I’ve read much of the commentary about the controversial contract involved with Tokyopop’s online talent search, Manga Pilots, with some interest. Respected industry talents have been vocal with their outrage over the publisher’s subjugation of creator rights and its use of insulting language in its contract language. Some calmer heads have joined the debate this week as it continued. The discussion has spotlighted creator rights and the business of comics publishing, and regardless of what side one takes, you have to admit that it’s opened a lot of people’s eyes about what goes on behind the scenes in comics, what new talent has to contend with and what publishers’ priorities really are.
Final Crisis #1
“D.O.A.: The God of War!”
Writer: Grant Morrison
Artist/Cover artist: J.G. Jones
Colors: Alex Sinclair
Letters: Rob Leigh
Editor: Eddie Berganza
Publisher: DC Comics
Price: $3.99 US/CAN
After the awkward plotting of Infinite Crisis and inconsistent, patchwork storytelling of Countdown to Final Crisis, it’s safe to say that a lot of readers were leery of this latest DC Comics super-hero event title. Balancing that perspective is the fact that it’s penned by Grant Morrison, a unique and powerful creative voice who’s known the innovation and intelligence he brings to the super-hero genre. I honestly didn’t know what to expect from this book. While it feels as though he’s repeated himself a bit here, Morrison delivers a plot and script that’s challenging and engaging. Continuity fans might take issue with his script, as DC’s icons speak and react differently than what we’ve seen from them in the past. I rather appreciated it, though, as Morrison manages to mix two vastly different concepts. He approaches these characters as a larger part of a pantheon of gods, but the story also adopts a police-procedural tone that makes for a sharp contrast. Blending the disparate tones is intriguing, and I’m honestly interested in what’s coming next.

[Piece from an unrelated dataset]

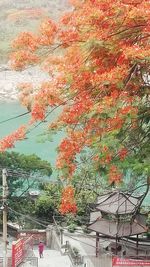 Autumn tree by building against sky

Interviews: Joel Meadows, Gary Marshall & Andrew Colman
Editors: Joel Meadows & Gary Marshall
Publisher: Image Comics
Price: $49.99 US (hardcover)/$29.99 US (softcover)

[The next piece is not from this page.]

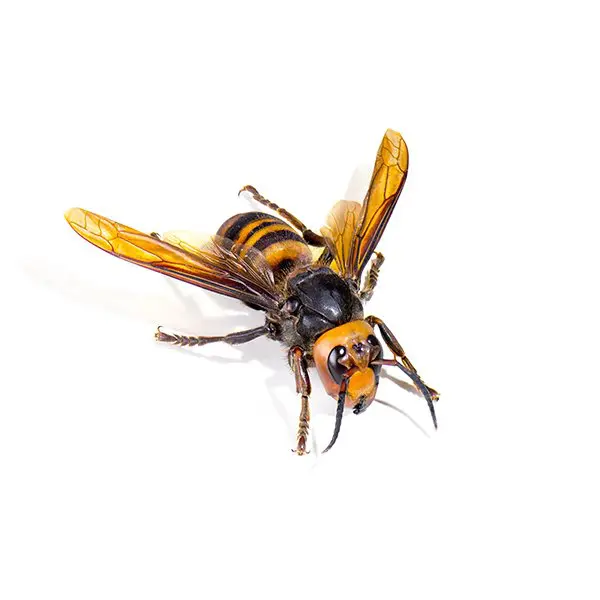 Hornet Control London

This book of interviews, from the people behind Tripwire Annual, offers insight into the craft of some of the top artistic talent in comics today. There’s a nice diversity of professionals represented in this book, so there’s bound to be several creative voices profiles of interest to just about every enthusiast of the comics medium. Ultimately though, this book is clearly aimed at artists who admire these artists. The focus is on how these talents became professional comics artists and what tools they’ve used to create so many memorable images over the years. At times, I found that the subjects were speaking a different language. I’m not interested in doing illustration work myself, just taking it in and appreciating it (and occasionally critiquing it). Artists’ thoughts on particular brushes and software features didn’t really hold my interest. However, some of the artists are remarkably forthcoming about frustrations they’ve experienced over their careers and the disappointments (from within and without) that some career-making projects brought to them.
Writer: Ron Marz
Artist: Edison George
Colors: Parasuraman A.
Letters: Sudhir B. Pisal
Cover artist: Luke Ross
Editor: Gotham Chopra
Publisher: Virgin Comics
Price: $2.99 US
Though unfortunately sharing a title with a recent cosmic super-hero adventure published by Marvel Comics, this new Virgin Comics property — created by self-help guru Deepak Chopra — is an oddly grounded story about loss and desperation, with touches of mystery and spirituality to keep the plot moving along. After reading this first issue, I honestly have no idea what’s going on, but Ron Marz’s script is effective enough that I want to know and am eager to discover what happens next. Artist Edison George’s work is new to me, but his storytelling is solid. There’s something of a Twilight Zone riff at play in the story, and like many other Virgin releases, the script and plot also immerse the reader in Indian culture, fortunately in an accessible, gradual manner. Virgin’s comics have run hot and cold for me, but after sampling this introductory issue of Beyond, I’d have to say it’s the one of the publisher’s stronger offerings, second only to the recently relaunched Dan Dare.
Return of the Gremlins #1
“Return of the Gremlins, Part 1 of 3”
Writer: Mike Richardson
Pencils: Dean Yeagle
Backgrounds: Nelson Rhodes
Colors: Dan Jackson
Letters: Michael David Thomas
Artists: Walt Disney Studio
Color restoration: Dan Jackson
Editor: Dave Land
Publisher: Dark Horse Comics
Price: $2.99 US
I’d heard tell of this little-known Disney property but didn’t know much beyond the look of the characters and the name. The premise behind it is surprisingly compelling. With the new story that serves as the real meat of this issue, Dark Horse publisher Mike Richardson really captures a strong sense of Disney magic. The plot is predictable, but it’s so charming that one can’t help but be enthralled. The same goes for Dean Yeagle’s art, which takes its cues from the familiar, comforting Disney style.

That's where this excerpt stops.